Yazının başında bahsettiğimiz altın nesil, Türkiye için büyük bir şans. Son iki nesil ne yazık ki beklentilerin altında kaldı ve Türkiye’nin artık bazı şeylerden ders alması gerekiyor. Bu ülkede planlı bir geçiş, çok fazla gördüğümüz bir şey değil. Ancak en azından bazı kalıplaşmış fikirleri bir kenara bırakmak, bazı sorunları çözebilir. Türk oyuncularının, genel sorunu oynamamak değil. 1987-1988 neslinin birçok oyuncusu, 20’li yaşlarının başlarında EuroLeague’de oynayan takımlarda önemli süreler aldılar. Sorun bu olsaydı, o nesilden beklediklerimizi alırdık. Asıl sorun, bizim genç oyunculara güvenmemiz ve onlar için bir planımız olmaması. Okben de bu konu hakkında; “Altın jenarasyona, yatırım yapmamız gerektiğini düşünüyorum. Giresun projesi, bu yüzden ülke basketbolu için çok önemli. Bu sene Giresun, İBB, biraz da TOFAŞ gibi takımların yaptıkları artı olarak dönecektir. Bu takımlar gençleri oynatırken, bunun yanında istedikleri galibiyetleri de aldılar. Böyle devam ettiği sürece genç oyuncular ellerini taşın altına koyacaktır. Bunun kesinlikle devam etmesi gerektiğini ve bazı takımların Yeşilgiresun gibi sorumluluk alması gerektiğini düşünüyorum” dedi.
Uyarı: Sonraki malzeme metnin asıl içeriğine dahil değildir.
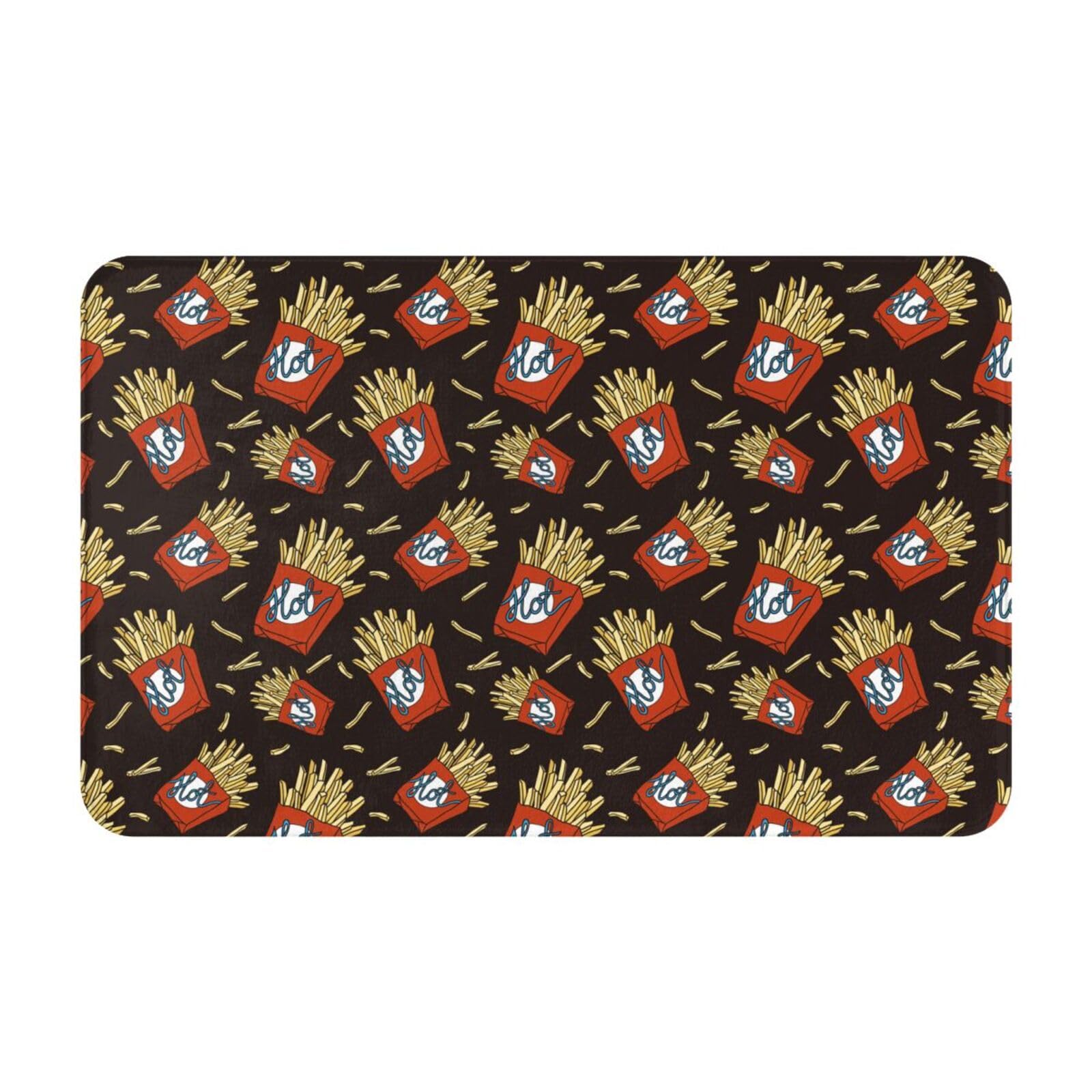 NIUNEWCute Fries Black 20x31.5 in Bathroom Rugs Soft Bath Rugs Mats for Bathroom Non-Slip Washable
Türkiye Milli Basketbol Takımı, jenarasyon değişiminin çok yakınında. Alt yaş gruplarında başarılı olan birçok oyuncu, bu yaz Milli Takım’da olacak. Okben’in de en azından aday kadroda olması bekleniyor. Genç oyuncu, ülkemizde yapacağımız turnuvada başarılı olabileceklerini düşünüyor. Genç yıldız; “Giresun’da kalsaydım kesin çağrılırım diyordum ama şu an için bilemiyorum durumumu. Ufuk Sarıca‘nın vereceği bir karar bu. Alırsa elimden geleni yaparım. Almazsa da yazın gider çalışırım. Birkaç tecrübeli ağabeylerimizle, bizim jenerasyonumuzun birleşiminin çok iyi işler çıkartacağını düşünüyorum. Biz ülke olarak kendi evimizde her zaman iyi turnuvalar geçiriyoruz. Bu yaz bizim için çok iyi geçebilir. Ufuk Sarıca çok değerli bir koç. Onun bir değişiklik yapacağını düşünüyorum” şeklinde konuştu.
Toparlarsak, Okben sezon başında yaptıklarıyla ilk sınavını verdi. Şimdi ise onu daha önce kaybettiği bir savaş bekliyor. O kendine güveniyor ve bunun için sonuna kadar mücadele edecek. Kazanıp, kazanamadığını ise birlikte göreceğiz.